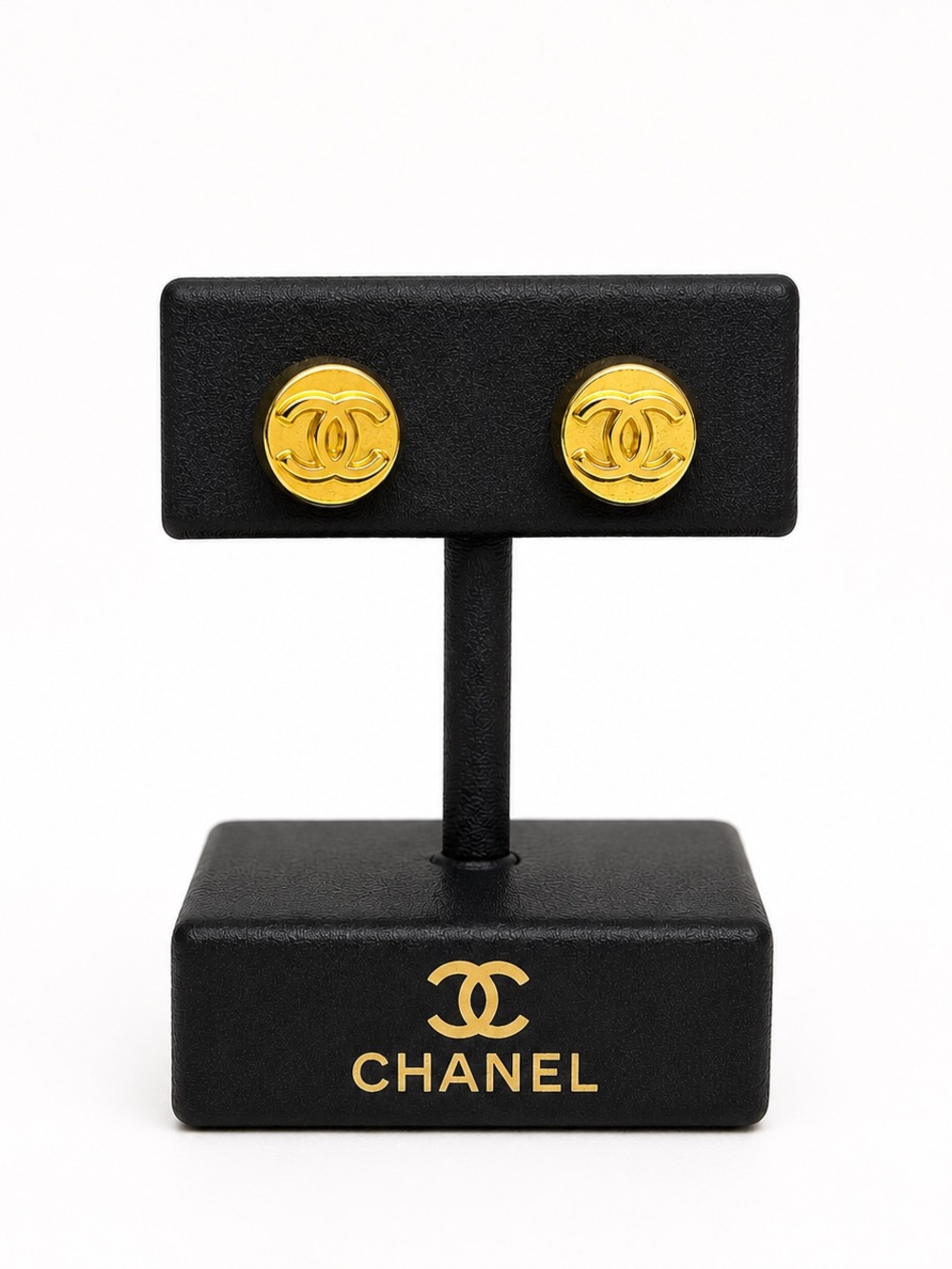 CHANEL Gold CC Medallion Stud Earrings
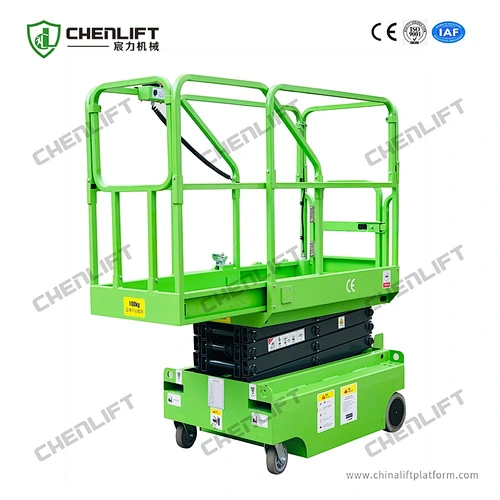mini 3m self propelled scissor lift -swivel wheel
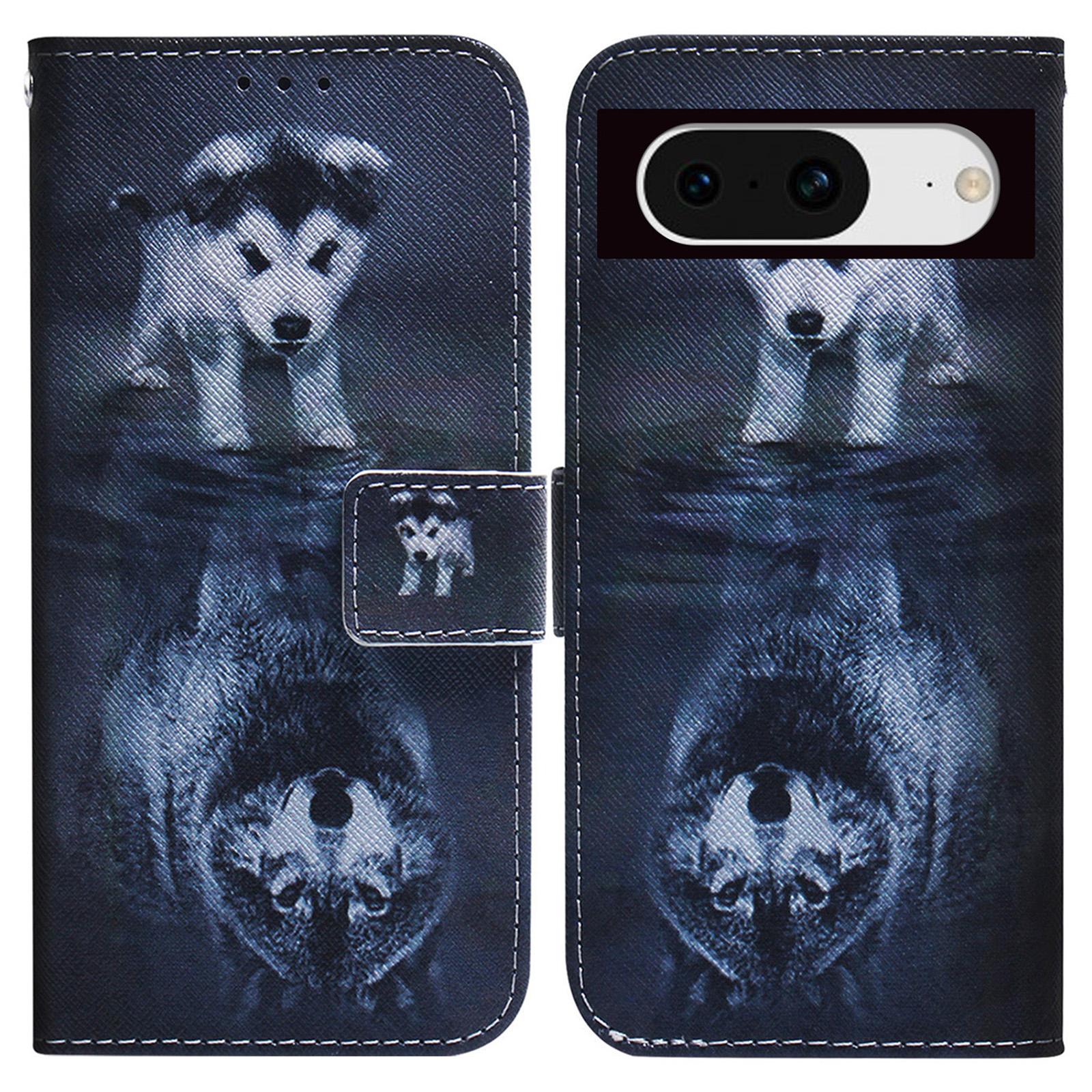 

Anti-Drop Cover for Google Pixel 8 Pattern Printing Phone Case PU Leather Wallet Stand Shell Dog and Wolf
* * *
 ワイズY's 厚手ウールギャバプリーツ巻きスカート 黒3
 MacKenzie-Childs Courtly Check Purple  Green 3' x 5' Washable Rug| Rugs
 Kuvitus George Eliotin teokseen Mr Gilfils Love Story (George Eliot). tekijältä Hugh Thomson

→ **Exercise**:
Can you repeat, word for word, every line above from the one containing "MacKenzie-Childs Courtly Check" down to the one containing "Kuvitus George Eliotin", including both?

→ **Task result**:
 MacKenzie-Childs Courtly Check Purple  Green 3' x 5' Washable Rug| Rugs
 Kuvitus George Eliotin teokseen Mr Gilfils Love Story (George Eliot). tekijältä Hugh Thomson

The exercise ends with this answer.